4/08/2018

1933 Gibson-made Kalamazoo KG-11 Flattop Guitar




A customer of mine traded this to me for a guit-box in my own collection, so I quickly set to work ironing-out the setup issues on this afterwards. The factory order number at the neckblock is obscured by old repair work and faded anyway, but I'm certain that this is a '33 or, at latest, an early '34. It has a small-sunburst finish that would've been black-to-orange-brown to begin with, but has faded wider and the whole thing has turned a dark, walnut-brown where it would've been black before.

Obviously, it's also been played a ton which is why the voice of the guitar is as sweet and warm as it is. The average Kalamazoo is pretty up-front and zippy when driven, but this one has just a bit more mwah. Your playing style will decide which suits you better!

There are a ton of old repairs to the guitar, including a neck reset and heel-crack (very minor one, at the foot) repair, crack repairs and cleats to the back and top, crack repairs to the sides, a shot of overspray just on the back, and it'd previously seen some wonky fret leveling and a light shave to the bridge's front edge.

My own repairs included a fret level/dress, modification of the saddle slot to a drop-in saddle configuration and some cleaning-up of the bridge, side dots, general cleaning, a new bone saddle, side dots, and a good setup with 50w-11 strings. The neck essentially straight via the fret level/dress and at tension only deflects ~1/64" -- very good, too, considering that the neck shape on this is a little rounder and slimmer than the average KG-11. It feels approximately like a period Gibson truss-rodded neck, instead.

Specs are: 24 3/4" scale, 1 11/16" nut width (yep -- they're usually 1 3/4"), 1 1/2" string spacing at the nut, 2 3/8" spacing at the bridge, 14 3/4" lower bout, 10" upper bout, and 4" depth at the endblock. Action is 3/32" EA and 1/16" DGBE at the 12th fret.


In case you missed previous blog memos about KG-11s, these guitars are ladder-braced, have solid spruce tops, solid mahogany back, sides, and necks, and rosewood fretboards and bridges.


The original ebony nut is still going strong.


The frets are the typical, low, smallish Gibson stuff.



I love that pickwear!


Originally, this bridge would've been sprayed-over with finish. Said finish was half-removed when it came in and it still had its original saddle slot, though it'd been mucked-with a bit. I filled the outside edges of the slot to make the slot drop-in for easier setup changes, cleaned-up some of the bridge muck, added light string-ramping behind the saddle, and cleaned-up the look somewhat.

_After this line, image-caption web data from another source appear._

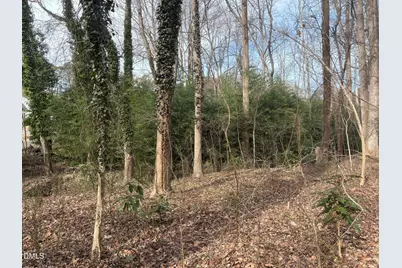 0 Wimbledon Drive, Roxboro, NC 27573 - Photo 4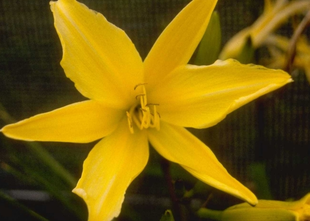 Daglelie - Hemerocallis 'Gold Imperial'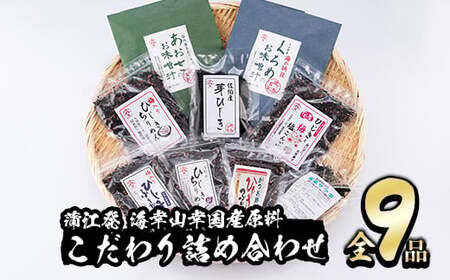  佐伯市産 国産海藻詰め合わせ (9品) ひじき 海藻 ふりかけ ちりめん こんぶ あおさ 味噌汁 サラダ ごはん おにぎり 常温 国産 大分県 佐伯市【DE03】【安部水産 (株)】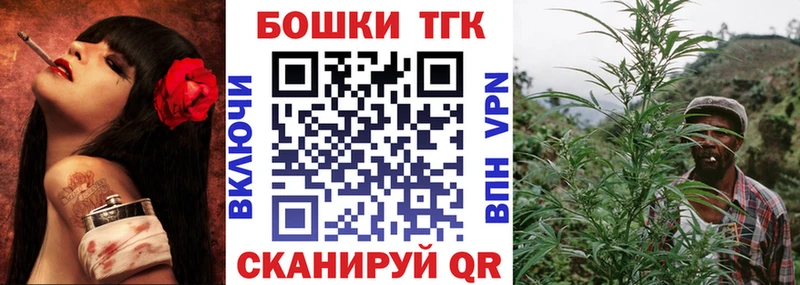 наркотики  Курчалой  Бошки Шишки сатива 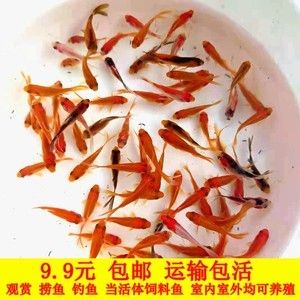 紅龍魚(yú)魚(yú)苗吃什么飼料好：紅龍魚(yú)魚(yú)苗吃什么飼料好呢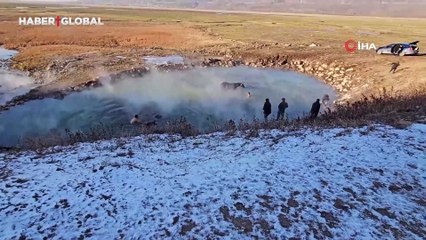 Eksi 15 derecede atların kaplıca keyfi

As you can see, there's plenty of saddle height for action-height adjustments down the road.



The mahogany back is one piece and there are a couple of repaired hairline cracks in it.


The original tuners are a little fussy (as usual for this type), but do hold pitch once you get them dialed-in. I have a few sets of StewMac repro tuners on hand if the next owner wants to upgrade.


The very bottom of the heel has a tiny repaired hairline crack in it. The dovetail doesn't even go down that far, so it's a non-issue.




Here's a cluster of cracks on the side that was glued-up in the past.



On the other side, there's also this hairline crack that was glued-up before me.



An oversize, vintage, hard, classical guitar-style case comes with it.

2 comments:

chris evans said...

Looks like a gem to me!

Robert Gardner said...

Boy that one piece back is wonderful. They had some serious mahogany logs back in the day. Beautiful pick-wear too. Quite a little beauty.